Ok, first you need to know that I am “Not” a Mac guy, (I want to be though) and my Boss gave me a G4 Imac PowerPC to take home and learn on. Here at the office he gave me a G5 with 10.4.11 on it. Anyway to make a long story short, I took the little Imac home and was playing around with it and I noticed that even though I had an admin account on the computer I did not have ownership. So I decided to just reinstall the computer and have a clean start. Now you have to understand that I have been an IT engineer for 17 years and never really had much to do with Mac’s other than networking them into the Windows environment. So there I was thinking “well how hard could this be” and I attempted to wipe the drive using the disk sets Matt (my boss) gave me. He had given me 2 sets one box has a big blue X on it and reads version 10.0 the other box has another big X on it but the X has a Leopard skin on it and reads 10.2.3. So I put the blue X disk in thinking (from what I read) that you should use the original disk to wipe the computer. We it would not boot to the disk (yes I held the C key) I tried several times with both disk sets to get it to boot. Finally I decided that this was stupid and I was just wasting time, so I took the computer apart and pulled the drive out and connected to my big PC and formatted the drive. I was thinking that the Mac disk would see a clean drive and boot right into the OS so I could reinstall. This was not the case, in fact it did nothing but flash a little folder and a question mark. By now I am sure you all are laughing pretty hard but please try to understand that I am only now learning how a Mac works and believe me when I say they are very different from PC’s.

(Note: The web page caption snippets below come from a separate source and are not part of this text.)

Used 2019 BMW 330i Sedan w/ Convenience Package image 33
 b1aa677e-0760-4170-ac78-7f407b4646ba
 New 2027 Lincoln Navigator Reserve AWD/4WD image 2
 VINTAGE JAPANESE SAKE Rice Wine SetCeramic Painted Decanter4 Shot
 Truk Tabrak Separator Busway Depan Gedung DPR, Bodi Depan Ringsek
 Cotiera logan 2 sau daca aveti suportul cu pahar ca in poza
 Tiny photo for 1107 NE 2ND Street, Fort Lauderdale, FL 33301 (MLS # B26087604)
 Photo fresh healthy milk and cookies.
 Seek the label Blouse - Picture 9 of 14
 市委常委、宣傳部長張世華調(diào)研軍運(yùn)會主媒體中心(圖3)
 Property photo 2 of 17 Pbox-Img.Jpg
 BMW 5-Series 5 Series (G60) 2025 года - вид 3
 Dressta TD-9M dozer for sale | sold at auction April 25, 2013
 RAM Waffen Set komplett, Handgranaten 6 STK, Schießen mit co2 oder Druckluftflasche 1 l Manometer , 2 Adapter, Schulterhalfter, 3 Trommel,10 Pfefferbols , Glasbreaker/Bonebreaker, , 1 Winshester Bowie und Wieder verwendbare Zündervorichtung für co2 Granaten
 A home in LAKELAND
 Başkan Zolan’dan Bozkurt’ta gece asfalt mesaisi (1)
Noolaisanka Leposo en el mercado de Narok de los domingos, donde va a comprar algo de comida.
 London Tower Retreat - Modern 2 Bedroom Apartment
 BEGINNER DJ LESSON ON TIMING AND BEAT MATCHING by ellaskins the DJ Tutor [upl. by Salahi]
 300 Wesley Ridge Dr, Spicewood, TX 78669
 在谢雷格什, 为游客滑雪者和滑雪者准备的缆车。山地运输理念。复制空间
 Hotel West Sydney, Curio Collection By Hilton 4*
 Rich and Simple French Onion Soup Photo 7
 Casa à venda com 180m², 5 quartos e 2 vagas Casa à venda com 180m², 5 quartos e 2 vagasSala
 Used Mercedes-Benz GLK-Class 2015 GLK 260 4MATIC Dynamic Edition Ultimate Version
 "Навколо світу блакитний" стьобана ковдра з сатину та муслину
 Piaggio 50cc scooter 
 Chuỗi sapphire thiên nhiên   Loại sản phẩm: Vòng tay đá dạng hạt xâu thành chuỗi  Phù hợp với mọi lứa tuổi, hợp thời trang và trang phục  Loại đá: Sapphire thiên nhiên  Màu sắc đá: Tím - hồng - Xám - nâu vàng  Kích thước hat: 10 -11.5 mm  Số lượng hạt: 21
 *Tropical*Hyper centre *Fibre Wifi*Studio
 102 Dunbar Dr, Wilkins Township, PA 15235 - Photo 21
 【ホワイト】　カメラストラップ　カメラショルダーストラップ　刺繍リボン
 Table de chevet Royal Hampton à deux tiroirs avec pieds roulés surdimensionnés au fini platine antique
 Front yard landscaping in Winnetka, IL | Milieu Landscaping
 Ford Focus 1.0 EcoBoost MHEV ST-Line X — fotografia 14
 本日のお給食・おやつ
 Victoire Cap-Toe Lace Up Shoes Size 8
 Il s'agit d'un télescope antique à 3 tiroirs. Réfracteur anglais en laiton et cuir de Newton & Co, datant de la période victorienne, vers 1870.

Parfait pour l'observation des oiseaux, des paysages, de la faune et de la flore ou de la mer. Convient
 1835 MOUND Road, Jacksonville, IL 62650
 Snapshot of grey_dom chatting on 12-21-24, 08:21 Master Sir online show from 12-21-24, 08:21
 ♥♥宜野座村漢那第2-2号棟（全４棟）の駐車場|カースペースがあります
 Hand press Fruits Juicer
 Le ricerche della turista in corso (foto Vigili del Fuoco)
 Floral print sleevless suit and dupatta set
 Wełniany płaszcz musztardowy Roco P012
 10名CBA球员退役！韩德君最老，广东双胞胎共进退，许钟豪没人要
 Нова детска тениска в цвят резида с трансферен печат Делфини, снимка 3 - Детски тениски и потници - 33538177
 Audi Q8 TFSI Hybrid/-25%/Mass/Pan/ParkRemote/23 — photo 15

Can someone please tell me how to fix this?
Thanks for your time, I am really impressed how well Mac’s work and wish I had started using them years ago. (but that’s another story)
Have a great day,
Mike,
Message was edited by: Eagle77

Wow, you really have to let go of some of those IT engineer habits. You don't have to rip the disk out to get a new OS on it. But I know the feeling when you're trying to get something done and things don't work as expected, and you're trying to use you acquired PC skills on the Mac.
The question mark simply means that the Mac can't find a bootable partition, so it's no indication that you killed it! Mac and PC use different partitioning schemes, so repartitioning on the PC (which I assume you did to be able to format the disk) will not work.
As an alternative to the c key, try d (for dvd), or alt (which brings up the boot menu, takes some time though). Also, you have to press that key as soon as you hear the chime, and keep it pressed until you see a reaction. The Mac won't start beeping at you for doing that.
Those disks are ancient, btw. The current version is 10.5.2, that's three major OS versions more recent. To get started, those should work, but I wouldn't try to do any development on such an old system.